Most operations shops are well down the road to highly automated configuration and provisioning systems. Sometimes this transformation is part of a DevOps transformation, and other times it's because it's the best way to manage change in the environment.
These systems are very good at creating system artifacts that fit our needs, but issues still arise the first time a development team deploys an application to the node. Problems aren't caught until a human gets involved, and troubleshooting is a long, manual process involving checklists and ad-hoc fixes. How do we smooth that rocky road where operations and development artifacts meet?
Enter CI/CD
Continuous integration and delivery (CI/CD) has been a watchword in IT shops for years, but primarily as a development process. CI is about the automation of testing for changes made to the code and to prevent changes introduced to the codebase from breaking the application. CD is about making sure that any final artifacts are suitable for use in a production environment. Any application build that makes it through integration tests can be identified for easy deployment.
From an operations point of view, our "application" is a fit for a server or a container. Our "code" is the individual automation snippets that do actions. Our "build" is the blueprint for stringing those snippets together to get a working system. All changes to an automation script or file should be tested to ensure they don't cause problems.
Think of the tests of your automation like bench or smoke tests. Most automation doesn't consist of one big blob of code for each system. Rather, we've adopted other patterns, like "don't repeat yourself" (DRY) to build reusable chunks of automation that we can recombine to get the configuration we want. These sorts of tests let us find integration issues between roles, uncover problems before they show up in production, and generally prove that the system is fit for its purpose. A CI/CD pipeline is a tool designed to run and manage these sorts of tests and sign-offs.
Foundations for solid pipelines
We need to agree on a few principles to take advantage of a pipeline in operations:
- All infrastructure code is in version control
- Version control is important in a non-pipeline environment but critical to the operations of a pipeline. Ops needs to be aware of what changes "broke the build" and provide clear guidance on what is deployable. This means you can be sure that a container image built and stored in a registry by the pipeline, or a virtual machine provisioned and configured by the automation, will be identical and functional.
- All infrastructure code changes get tested individually
- We make small changes to our codebase, and those changes are vetted for basic correctness. That includes syntax checking, functionality, dependencies, etc. This level of testing is like unit testing for an application.

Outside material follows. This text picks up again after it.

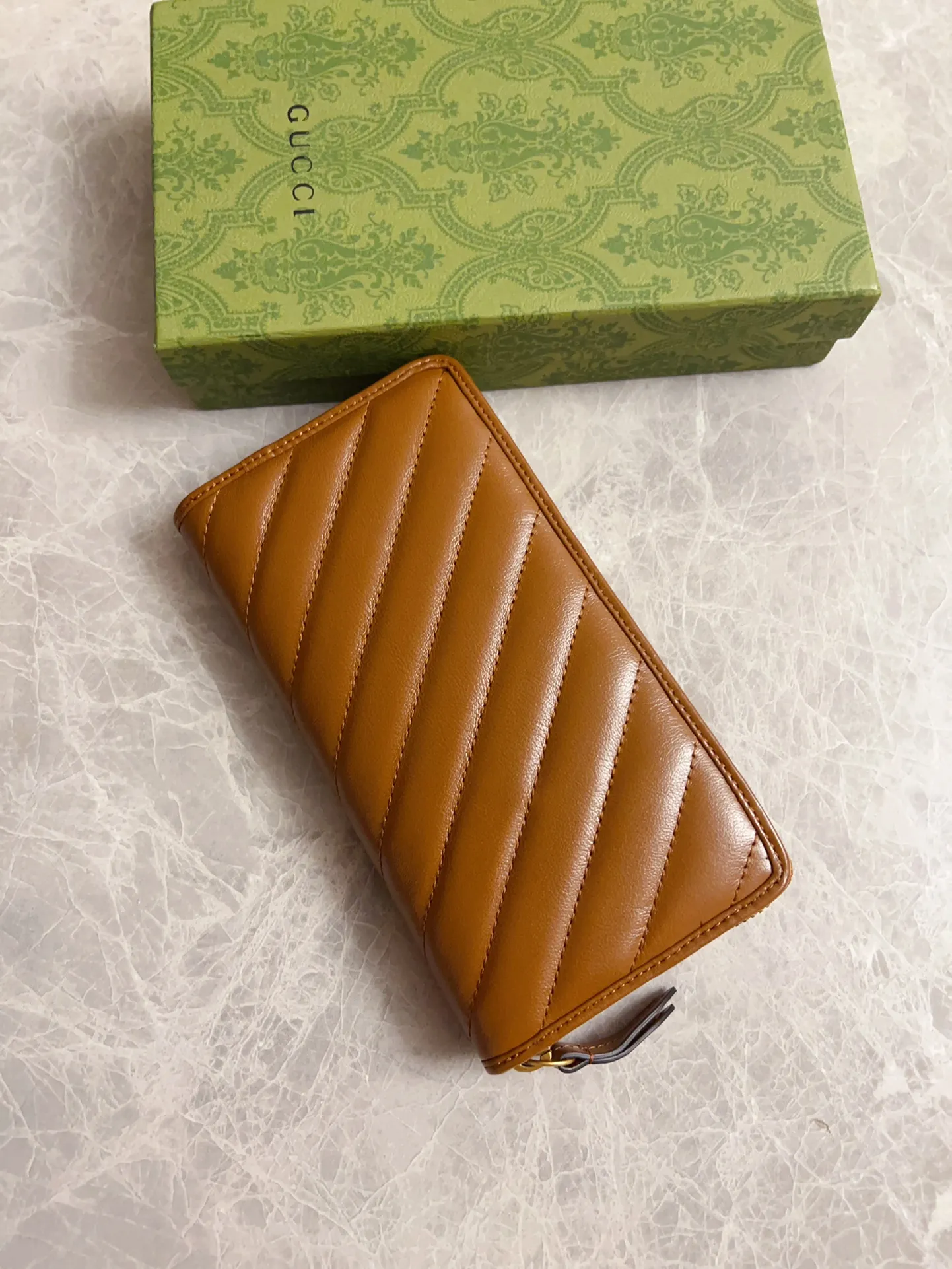 💰460 🇭🇺🇭🇺Gucci marmont original leather caramel new color zipper wallet 🧼🧼High-end caramel color 🆕 It is the new product of Gucci counters in the autumn and winter of 2020 🧼🧼Breaking through the previous style, using the same color with binding and bronze hardware, the highest level! Real shots! Style number: 443123, size: 19x10x2.5cm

- All infrastructure code gets tested as a combined system
- Infrastructure components are made up of discrete, smaller chunks and need to be tested as a whole. These tests are for characteristics and behaviors of what we decide is a "working system." Our automation may be correct and working, but still be incomplete or have conflicting steps in different roles (e.g., we started MySQL but didn't open the firewall, or we locked down the port in a security role).
Concrete Python
This is all abstract, so I'm going to walk through a simple example. The roles and the tests are not production quality, but hopefully, they're functional enough for you to use them as a starting point in your investigations. I'm also going to work with the tools that I'm most familiar with. Your environment will vary, but the concepts should translate between any of the tools in your toolbox. If you'd like to see the example code, you can check out the GitHub repository.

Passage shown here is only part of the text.